1. Determining what the bounded set of storage objects is that need to be imported so that the result in the repository is complete and correct.

2. Rewriting any pointers in the imported data so that the imported result points to the targets as imported.

3. Extracting or gathering any storage object metadata and bind that metadata to the newly-created repository objects.

4. Instantiating the repository objects, including resources, versions, and dependencies, with their attendant metadata and, for storage objects, data content (as a sequence of bytes)

- For a given bounded object set to be imported, the import operation should be a single atomic transaction that can be rolled back (undone) as a single action. This ensures that the repository is always in a consistent state, even if the import processing fails midway.

- Some of the import processing can be generic (rewriting XML attribute values) but most of it will be schema specific (understanding how XSD schemas are related to other documents, understanding the linking syntax and semantics in your private document type). In a layered system you can build up from general to specific, taking advantage of relevant standards, to make creating schema-specific import processing easier to create and maintain.

- The existence of standards like XSD, XInclude and DITA makes it possible to build in quite a bit of very useful generic import functionality for those standards, which even if that's all you have, gives you a pretty good starting point.

- You can still get a lot of mileage out of just Layer 1 metadata, as demonstrated by the scenario walked through in this post. We haven't done anything to capture Layer 2 metadata yet we can already answer important questions about our documents as XML just through the simple metadata values we've captured.

- Note too that the repository itself, that is the Layer 1 structures we've seen so far, knows absolutely nothing about XML itself. The metadata mechanism is completely generic name/value pairs where you, the importer, specify both the name and the value.

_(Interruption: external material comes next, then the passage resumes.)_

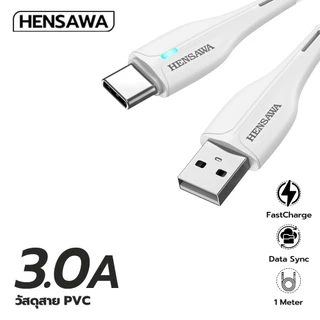 HENSAWA สายชาร์จเร็ว 3A USB TO Micro Typec L IP รุ่น US3098 สีขาว สายPVC 1m ชาร์จไว Type-c Fast Charge Cable & Sync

This is why something like Subversion is an excellent candidate to build your Layer 1 system on.

That is, all the XML awareness is in the importer and in the queries applied against the repository, not in the repository itself. That's one reason I chafe at the term "XML repository"--it strongly suggests over engineering and poor separation of concerns from the getgo.

- The correlation of files to be imported with existing resources and versions in the repository cannot be done automatically in the general case. You must define or provide one more ways to do it, either automatically using some convention (CVS) or interactively through human intervention. A completely generic repository should leave the choice up to the implementor and integrator. XIRUSS-T does this through its generic system-object-to-version map.

There's lots more to discuss before we've even covered the basics of XML import but that will have to wait until next time.

Next time: importing the next version of doc_01.xml: all heck breaks loose

Labels: XCMTDMW "xml content management" import snapcm

5 Comments:

Anonymous said...: OK. A few questions.

The first one totally shows me for the noob I am to XML. Please remember I learned on my own under project duress less than 3 years ago. I just happened to realize it's amazing along the way.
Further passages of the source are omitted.